Lord Burnham: My Lords, I thank my noble friend for that comment. The fact remains that adultery is one of the main causes given whereby one may obtain a divorce within a year under this amendment. I may slightly have misplaced what my noble friend rightly calls the "Brighton divorces", but I do not believe that that changes the basis of my argument.

Lord Simon of Glaisdale: My Lords, may I ask the noble Lord whether he has seen a later amendment which would preclude any divorce within one year?
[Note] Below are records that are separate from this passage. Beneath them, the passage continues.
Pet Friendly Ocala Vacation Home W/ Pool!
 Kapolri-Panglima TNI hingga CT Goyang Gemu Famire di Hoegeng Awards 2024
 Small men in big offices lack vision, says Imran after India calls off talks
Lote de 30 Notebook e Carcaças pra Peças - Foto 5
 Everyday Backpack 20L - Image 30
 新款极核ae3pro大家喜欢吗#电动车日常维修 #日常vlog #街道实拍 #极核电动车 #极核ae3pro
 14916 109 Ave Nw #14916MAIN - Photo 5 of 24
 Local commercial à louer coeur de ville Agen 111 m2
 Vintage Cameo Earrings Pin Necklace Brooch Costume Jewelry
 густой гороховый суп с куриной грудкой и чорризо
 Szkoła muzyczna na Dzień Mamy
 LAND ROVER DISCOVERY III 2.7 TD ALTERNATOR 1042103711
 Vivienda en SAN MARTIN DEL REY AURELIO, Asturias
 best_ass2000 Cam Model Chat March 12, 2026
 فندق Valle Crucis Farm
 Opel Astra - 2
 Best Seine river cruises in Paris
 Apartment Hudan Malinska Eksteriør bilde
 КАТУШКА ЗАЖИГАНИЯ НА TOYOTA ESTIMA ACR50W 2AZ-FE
Lord Burnham: I have, my Lords, but we are not yet dealing with that amendment. I wish to be realistic. All these provisions--the Bill and the amendment--are written down coldly on a piece of paper. I believe that most noble Lords are happily married. But if their marriage has been a failure, they know of the personal distress which they and their former wife or husband have suffered. They know that it is not a simple matter of right or wrong and of dealing with that failure through the solicitor or through the courts. It causes immense personal distress. In those circumstances, surely it is better to get rid of the marriage, within reason as quickly as possible--not, I agree, within less than a year but within reason. Divorce, being as we know, in a way, a licence to remarry, the two people concerned may remarry if they wish; but, in any case, they and their children are separated from the unhappiness of an unhappy couple living together.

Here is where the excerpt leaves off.